第108話 死んだら笑ってほしい

 先日、同僚の旦那さんが亡くなったので、お葬式に参列しました。セレモニー会場の入り口で記名して中に入ると、テニスコートほどの大きさの会場内には8人程度が掛けられる長椅子が2列に並べられており、Tシャツの人から黒スーツの人まで様々な服装の人が椅子に座って話しています。前方中央には大きな故人の写真。その上にはスクリーンが用意されており、家族とのスライドショーが流されていました。僕は一番うしろの席の端に座って式が始まるのを待ちます。


 時間になると前の席に座っていた一人が前方左手の教壇の前に行き、おもむろに式が始まりました。

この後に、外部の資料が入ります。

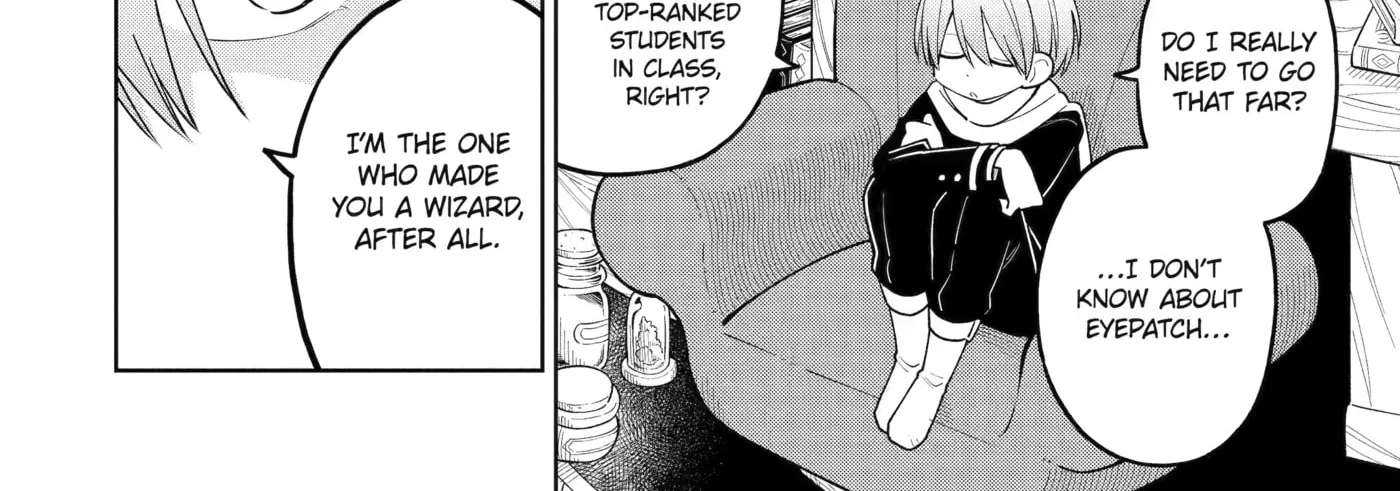 Sensei! Bokutachi ga Sekai o Horoboshimasu. Chapter 61 - page 20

まずはお祈りから。そして、お祈りが終わると前方の席から一人、また一人と教壇へ向かい、故人との思い出を語り始めました。故人の姉妹、甥、姪、いとこ、そして、母親と次々と思い出を語っていきます。


 ――そして、その誰もが会場の笑いをかっさらっていくのです。


「……おじは僕の骨を折りました」の一言から始まるエピソード。その次は「車いじりが好きだから脱臼もなおせるんじゃね?」と小指が異常な方向に曲がった孫が群がって怯えさせた話。極めつけは「皆さん、もう自己紹介もいらないと思いますが、私があの(お名前)の母です」と自己紹介だけで沸かせる母親。そして、披露したのがJCPenney(アメリカの百貨店)でお姉さんの足をなでる故人の幼少期……。


 僕はあっけにとられました。


 良いのか、これで。

 いや、良いんだ、これで。


 話している本人も参列者も笑い、そして、大好きな人だったと言って泣く。僕は打ちのめされました。会ったこともない同僚の旦那さんのお葬式で、掘ったら出てくるバカみたいな話に。温かい会場の雰囲気に。笑い話をするお母さんの姿に。親族が涙を流すなか、最後まで涙を見せないお母さんの姿勢に。


 1時間ほどの短い参列の機会でしたが、僕はこれほど来てよかったと思えるお葬式は初めてでした。


 そして、思ったのです。


「僕も死んだら誰かに笑ってほしい」


 さめさめと「いい人だった」なんて涙を流してほしくない。この旦那さんのように、54歳で若くして急逝されても、残された人が笑っていられる人でありたい。もちろん、僕がどう思おうが死んだら終わりなので、残された人がどうするかはその人の自由だし、どう考えても良いとは思いますが、僕の死という現象への通過儀礼としては個人の笑いであったら良いなと考えているのです。


「あいつ、変なやつだったよな」で、心の整理がついてほしい。間違っても「真面目で、誠実な人だった」とかいうありきたりな感想を持ってほしくない。できれば「無駄にスポーツが好きで、女性経験はないくせに無駄に色んな経験があって、屁理屈を言うときだけは頭の回転が異常に早く、四六時中女の尻を追いかけ回していた面白いやつ。あとプロ童貞」くらいの評価に収まってほしい。


 とはいえ、僕は面白くない人間であることを自認しているので、今死んだらおそらく部活の友人や親友以外はありきたりな「良い人」像を語って終わるんだろうな、と理解はしています。


 それでも、これから生きていく上で意識しようと思ったのです。


「今、死んだらみんなに笑ってもらえるだろうか」


 たとえ性格的に実現が難しくても、僕はそう思って生きていきたいのです。